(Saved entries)
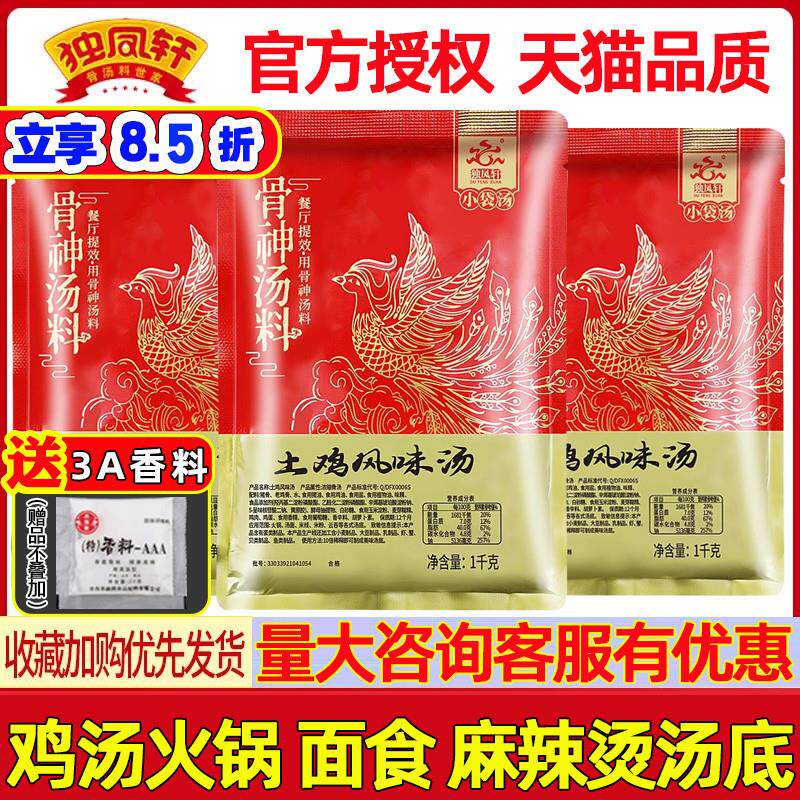 热销鸡汤高汤土鸡风味汤大骨原汤羊肉汤大骨浓汤猪骨膏浓缩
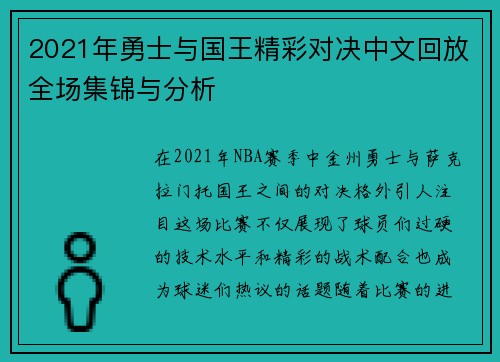 2021年勇士与国王精彩对决中文回放全场集锦与分析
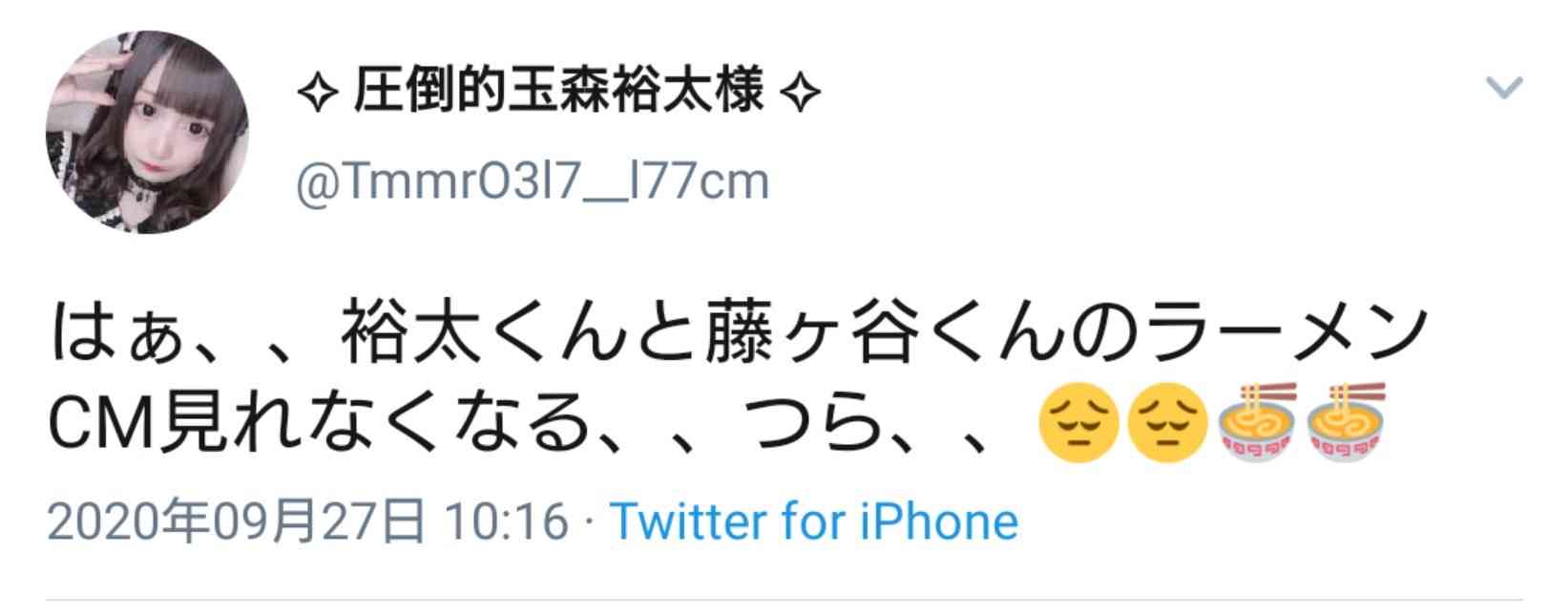 サッポロ一番公式サイト 竹内結子さん追悼特別動画を公開「あたたかい笑顔をありがとう」
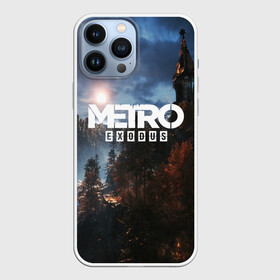 Чехол для iPhone 13 Pro Max с принтом METRO EXODUS в Петрозаводске,  |  | Тематика изображения на принте: ak47 | metro 2033 | metro exodus | апокалипсис | артем | глуховский | дорога | маски | ночь | оружие | поезд | противогаз | сталкеры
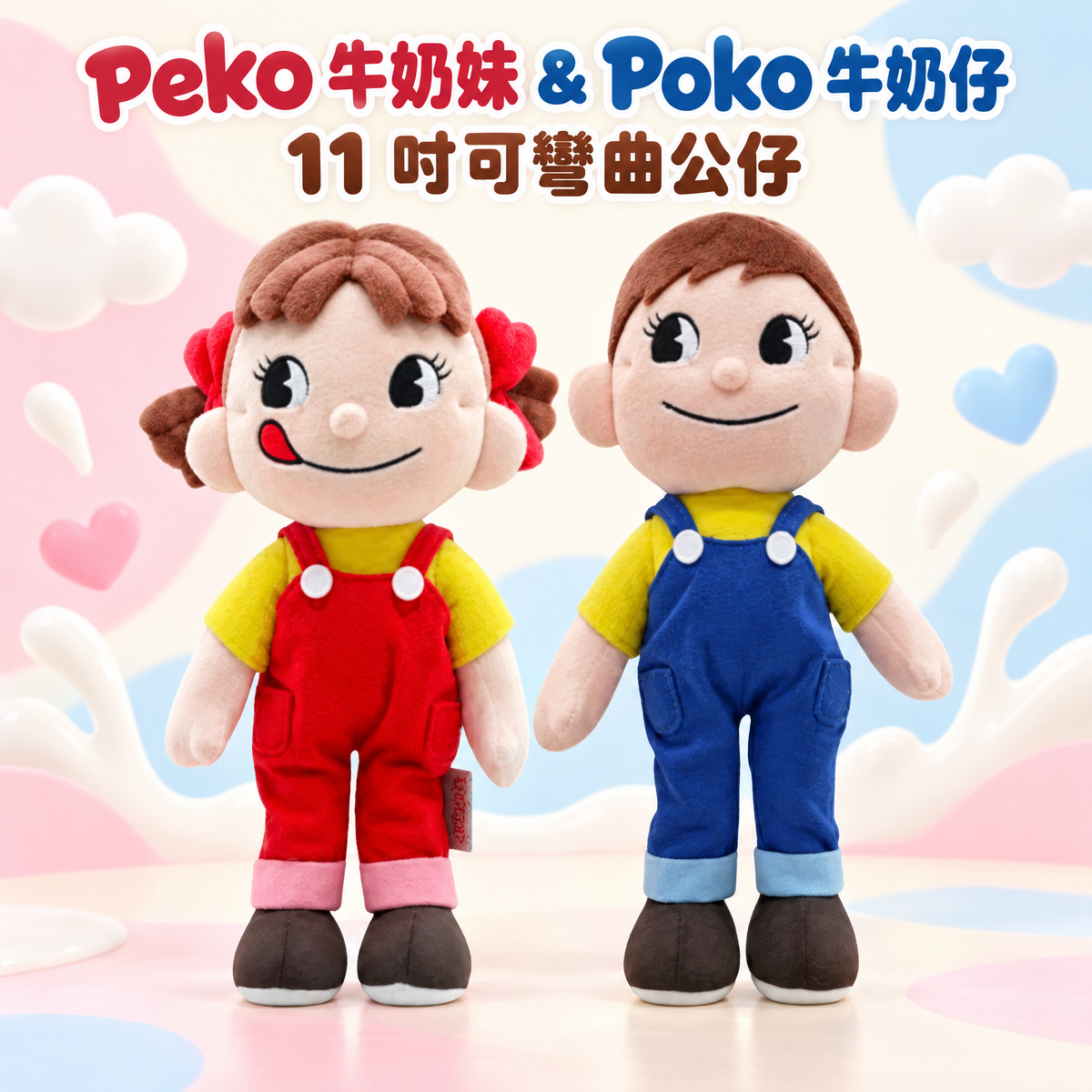 Peko 牛奶妹 & Poko牛奶仔｜11吋可彎曲公仔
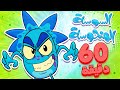 marah tv -  قناة مرح| أغنية السوسة المنحوسة ومجموعة اغاني الأطفال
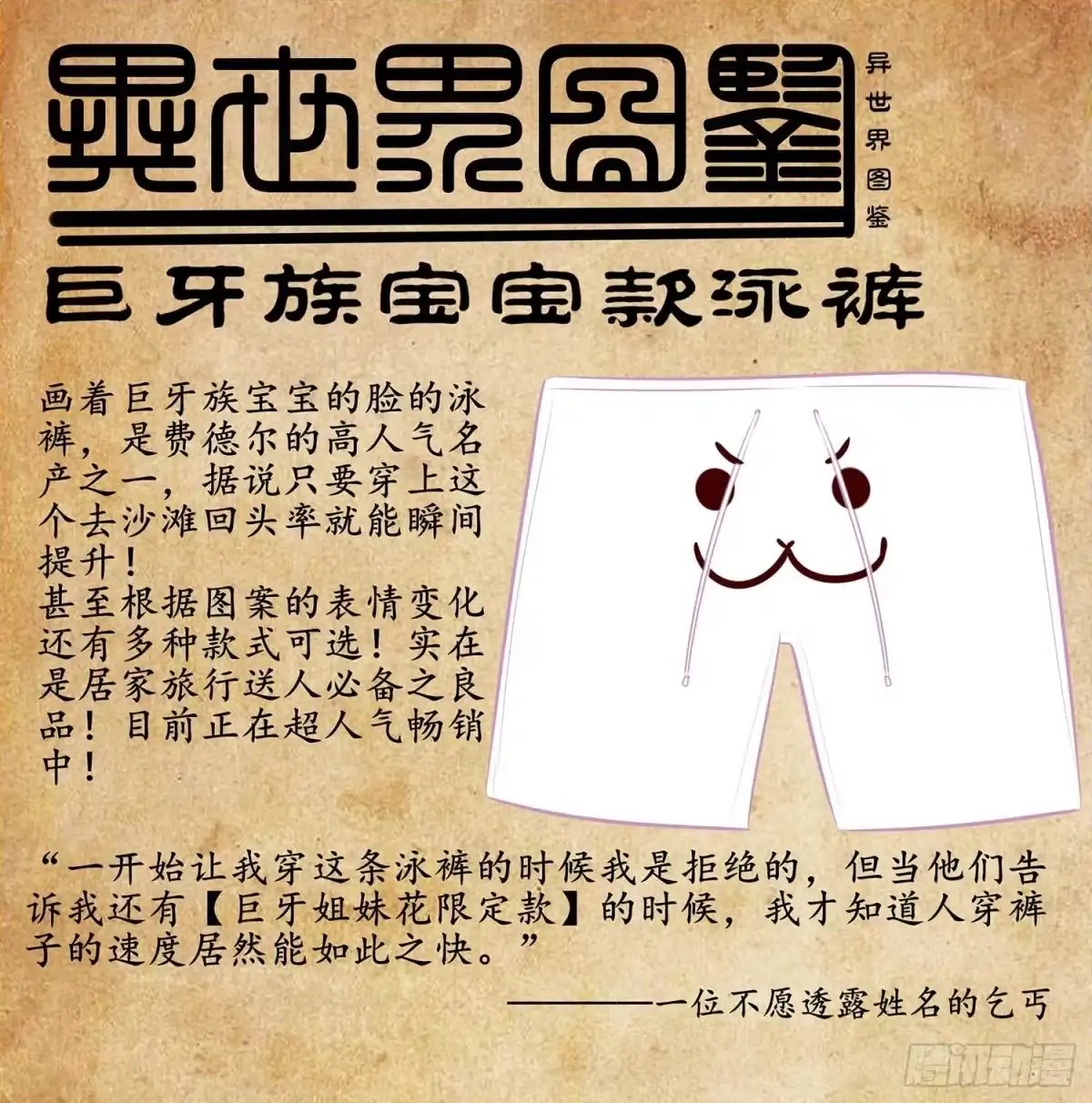 第114页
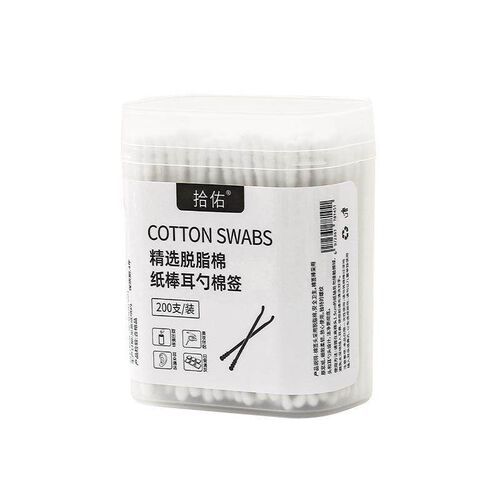 200 pieces of baby cotton swabs, small double-headed ear spo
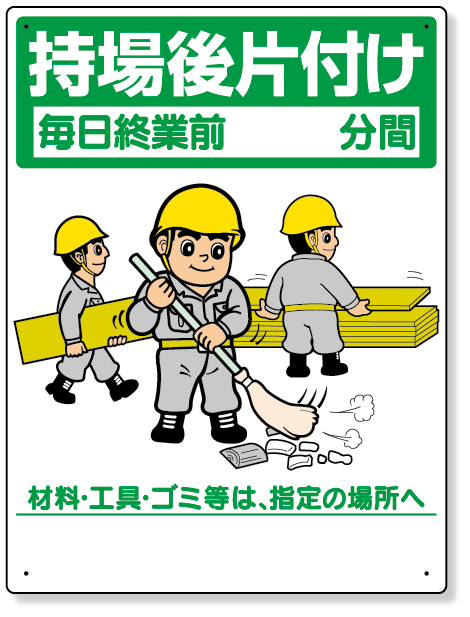 337-06A 整理整頓標識　持場後片付け
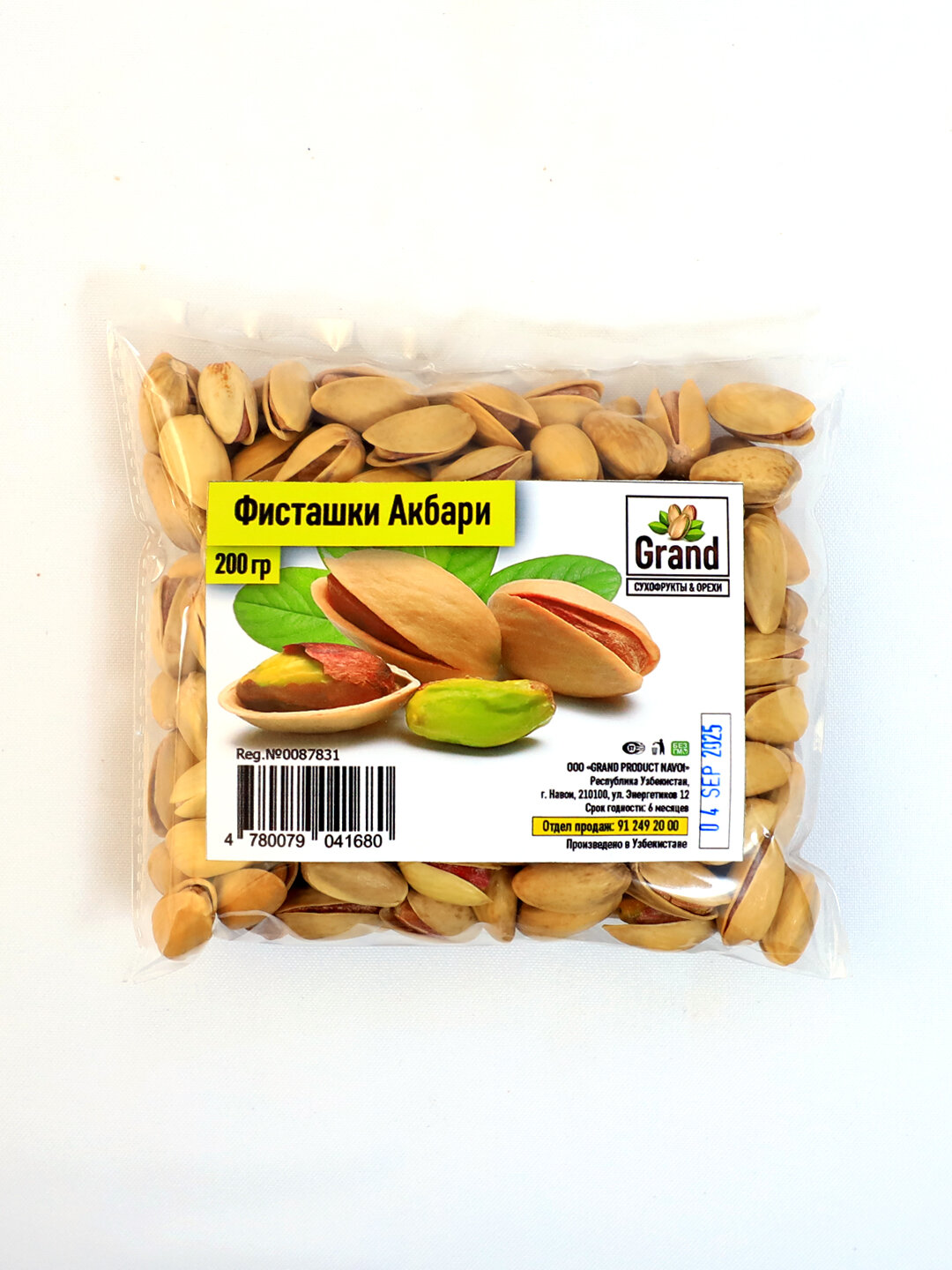 Фисташки Акбари "GRAND OREX" 200г, жареные, в форме лепестков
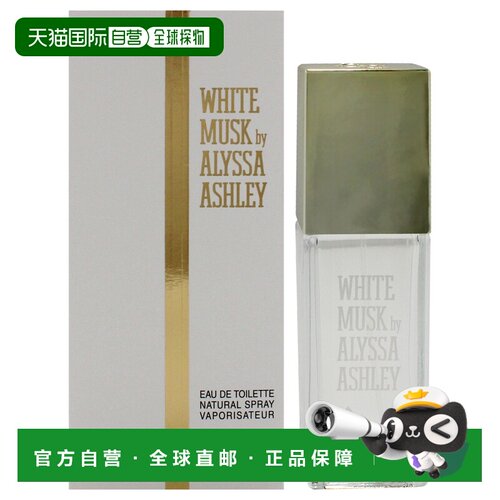 美国直邮Alyssa Ashley白麝香氛女士淡香水-50ml正品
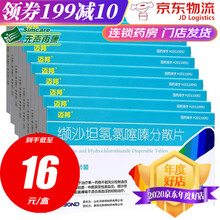 迈邦 缬沙坦氢氯噻嗪分散片 10片/盒 10盒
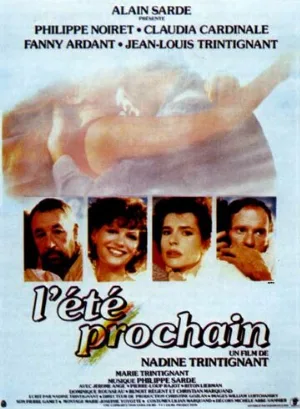 Будущее лето (фильм, 1984)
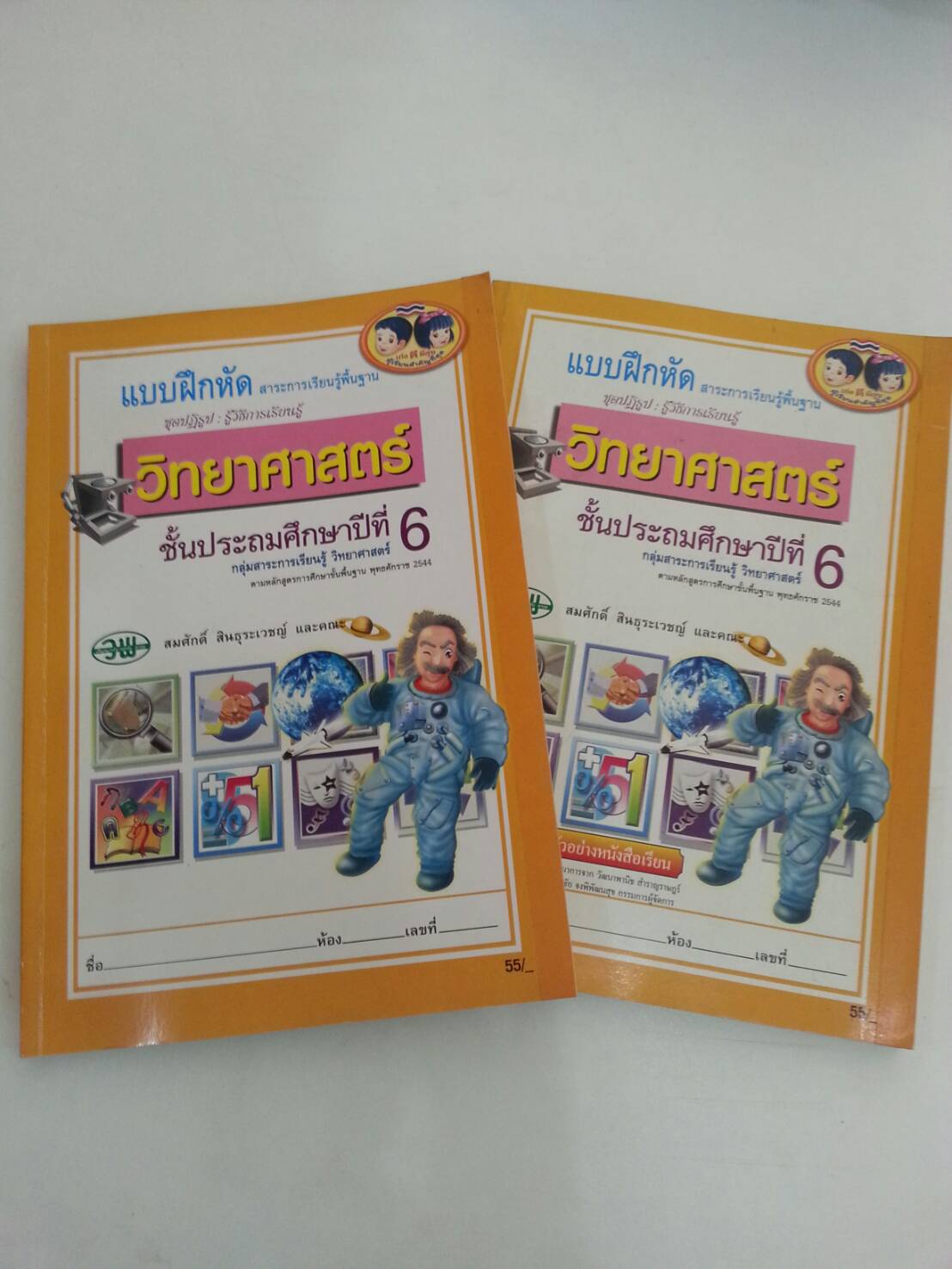 แบบฝึกหัดสาระการเรียนรู้พื้นฐานวิทยาศาสตร์ชั้นประถมศึกษาปีที่ 6 พร้อมเล่มเฉลย(คู่มือครู) สำนักพิมพ์ วพ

### [Problem details]
All pictures are to be dropped, and the records above returned exactly.

### [The answer]
 热销鸡汤高汤土鸡风味汤大骨原汤羊肉汤大骨浓汤猪骨膏浓缩
 2021年勇士与国王精彩对决中文回放全场集锦与分析
 サッポロ一番公式サイト 竹内結子さん追悼特別動画を公開「あたたかい笑顔をありがとう」
 Чехол для iPhone 13 Pro Max с принтом METRO EXODUS в Петрозаводске,  |  | Тематика изображения на принте: ak47 | metro 2033 | metro exodus | апокалипсис | артем | глуховский | дорога | маски | ночь | оружие | поезд | противогаз | сталкеры
 Peko 牛奶妹 & Poko牛奶仔｜11吋可彎曲公仔
 marah tv -  قناة مرح| أغنية السوسة المنحوسة ومجموعة اغاني الأطفال
 第114页
 200 pieces of baby cotton swabs, small double-headed ear spo
 337-06A 整理整頓標識　持場後片付け
 Фисташки Акбари "GRAND OREX" 200г, жареные, в форме лепестков
 美国直邮Alyssa Ashley白麝香氛女士淡香水-50ml正品
 迈邦 缬沙坦氢氯噻嗪分散片 10片/盒 10盒
 Будущее лето (фильм, 1984)
 แบบฝึกหัดสาระการเรียนรู้พื้นฐานวิทยาศาสตร์ชั้นประถมศึกษาปีที่ 6 พร้อมเล่มเฉลย(คู่มือครู) สำนักพิมพ์ วพ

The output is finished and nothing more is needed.